Processing children’s personal data under the DPDPA

The Digital Personal Data Protection Act, 2023 (DPDPA) defines a ‘child’ as an individual below 18 years of age. While limited exemptions have been set out in the Digital Personal Data Protection Rules, 2025 (DPDP Rules), obtaining verifiable parental consent is mandatory in all other instances before processing children’s personal data. This article explores the various legal ambiguities and operational roadblocks that organisations may face while calibrating their onboarding processes and consent management workflows for processing children’s personal data.

The comparatively high age threshold and the absence of graded treatment present their own set of challenges. For instance, the DPDPA requires data fiduciaries to treat a 17-year-old accessing educational content identically to a 9-year-old accessing a gaming platform. This approach ignores the differences in cognitive development, digital literacy, and risk exposure. This is particularly concerning in sectors like edtech where personalised learning and engagement metrics will be non-compliant despite serving legitimate educational purposes. The absence of age-based graded legal requirements will compel organisations to deploy the same measures irrespective of the risk and harm associated with their offerings.

To obtain verifiable parental consent, data fiduciaries must authenticate parental identity and establish the legal relationship with the child. To minimise compliance risks, data fiduciaries may turn to processing sensitive details such as government IDs. This will create a fundamental paradox: Data fiduciaries end up collecting and processing substantial volumes of sensitive information to comply with a law that espouses data minimisation as a core principle.

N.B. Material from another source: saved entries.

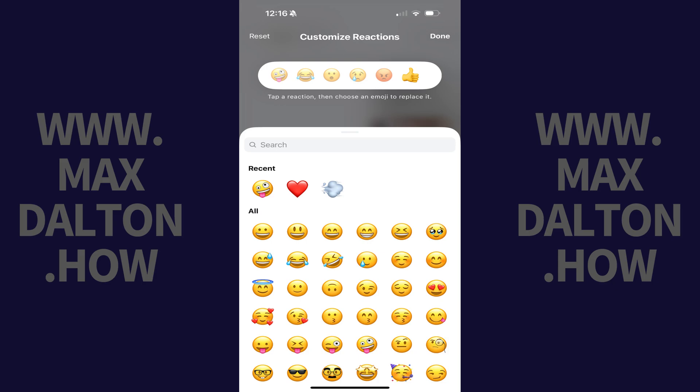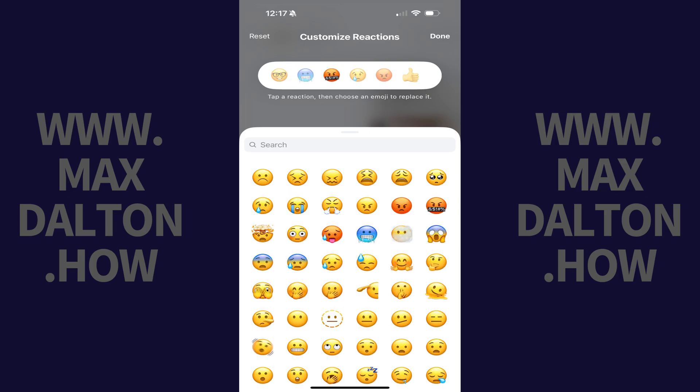Step 5. Tap one of your current emoji reactions that you want to replace to select it, and then tap the new emoji you want to replace it with. That emoji will be replaced immediately. Repeat this process for any other emojis that you want to replace, and then tap Done.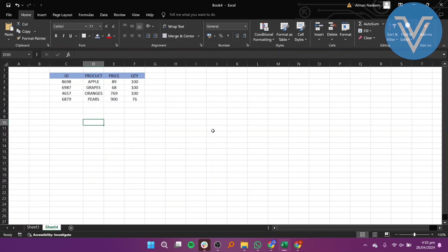The INDEX function in Excel is a robust lookup tool. With it, you can retrieve values from a table based on specified row and column numbers. First, we will apply the INDEX function to fetch the value in row 1, column 1 of our table.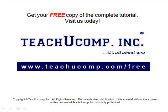Get your free copy of the complete tutorial at www.teachucomp.com forward slash free.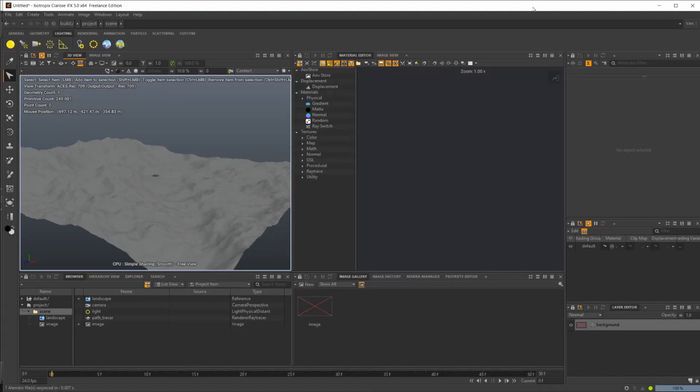In the last video, we went over how we could use Houdini properties inside of Clarisse. So let's take this one step further and show how we can export assets from Clarisse, use them inside of Houdini, and then bring them back inside of Clarisse to do certain things.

The DPDP Rules permit data fiduciaries to process personal data (without parental consent) solely to verify whether an individual is a child or not. Heavy reliance on self-declaration will be counterproductive in a country like India where parents often rely on their children to navigate online offerings. Further, the DPDP Rules take a rather vague approach while prescribing permissible verification methods, unlike the COPPA (USA) which lists out various acceptable methods that are actively reviewed and updated by the Federal Trade Commission.

The prohibition on behavioural monitoring and tracking of children, may limit the ability of online platforms and intermediaries to deploy adequate and appropriate safety measures to protect children. There can also be friction between these obligations and the recent mandates relating to synthetic media which require SSMIs to deploy tools to review content and undertake labelling checks. While the central government has the power to lower the age threshold and dilute the prescribed prohibitions, it remains to be seen how this power will be utilised.

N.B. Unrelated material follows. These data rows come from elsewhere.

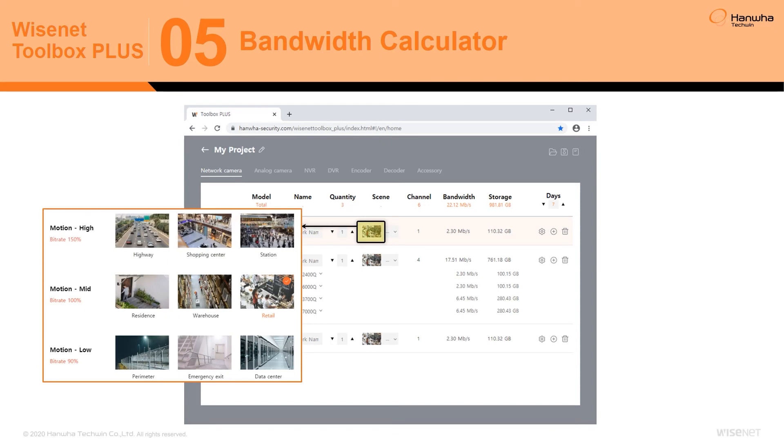Effective bandwidth and storage calculations are generated using example scenes attached to cameras by the user. Each example scene holds an average bitrate and motion value based on real-world environments.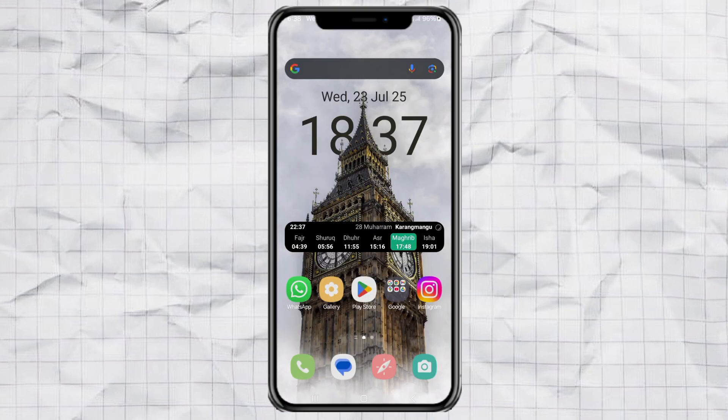And there you have it — a super clean iPhone-style depth wallpaper on your Android, with the clock behind your photo subject. Looks awesome, right? If you like this little hack, don't forget to hit like, subscribe, and share it with your Android crew. Catch you in the next one!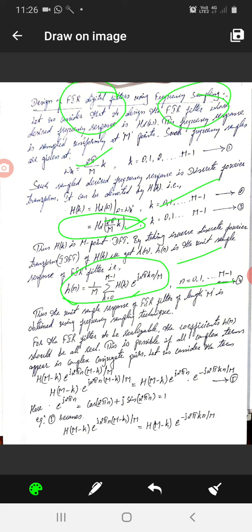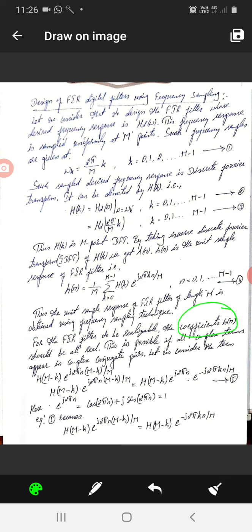This is the equation representing a FIR filter design in terms of the frequency sampling method. When considering the coefficients of h of n for realizing digital FIR filters, the coefficients should be real terms. However, in not all cases are they going to be real. For that reason, some complex numbers are also considered, and we take complex conjugate pairs.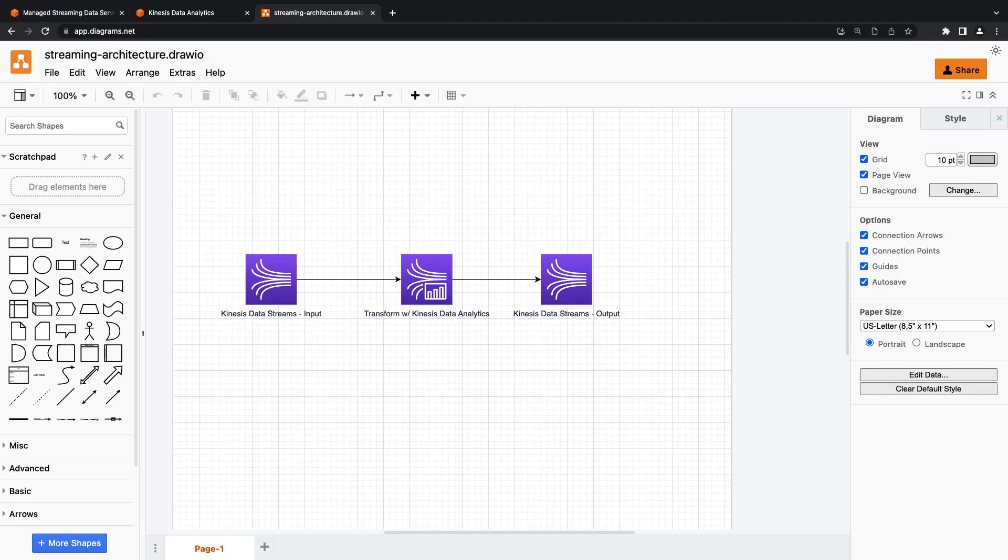We'll use Amazon Kinesis Data Analytics to read data from Amazon Kinesis Data Streams, perform some transformations upon this data, and then output the results to another Kinesis Data Stream.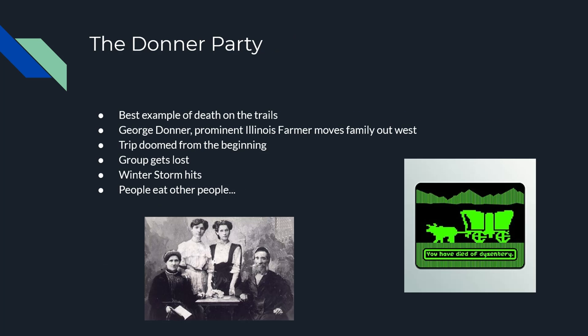The most famous group moving West was the Donner Party. George Donner was a fairly wealthy farmer from southern Illinois. He and his family moved out West, but the trip was doomed. They left way too late, got lost along the way, a surprise snowstorm hit them, and they had taken more stuff than supplies. Things got so rough that they ended up eating each other. Only half of the party was left alive when rescuers found them.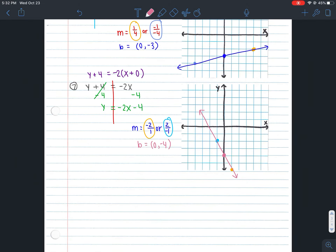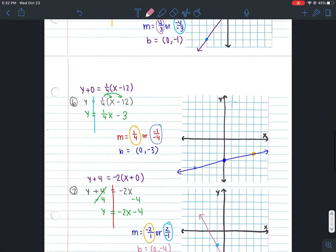That is graphing point-slope form by solving for y. The next lesson we'll use point-slope form using the slope and the point directly. If you have any questions, please come see me for tutorials.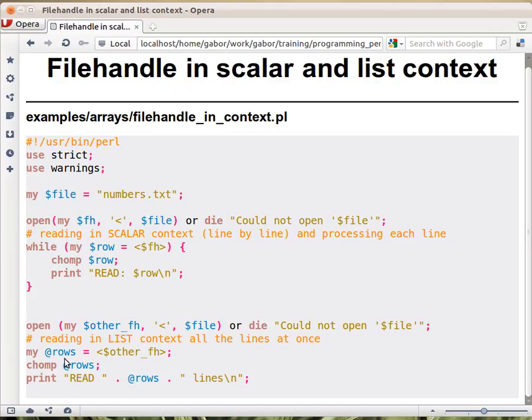So be careful. In most cases, use this way, but there are some cases when you prefer to have all the file in memory as an array.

The high cost of compliance will adversely impact early-stage companies that require processing of children’s data in high volumes. According to reports, Aadhar e-KYC costs ₹3 per check. The use of DigiLocker and other government-based ID verification will cost even more.

The DPDPA reposes all risks and liabilities with data fiduciaries. Under traditional B2B technology agreements, data processors operated under broad indemnification protections, with liability caps often limited to annual agreement values. This arrangement will no longer work where processors process children’s personal data, and comprehensive re-negotiation may be required.

The DPDPA's child data protection framework represents a significant departure from global standards. Aside from the high financial stake, there is also the possibility of significant reputational fallout. Organisations must carefully navigate these legal ambiguities while implementing verification workflows, designing audit trails, and creating silos and separate channels, for processing children’s personal data.

(The views expressed are personal)

This article is authored by Lagna Panda, partner, at AP & Partners.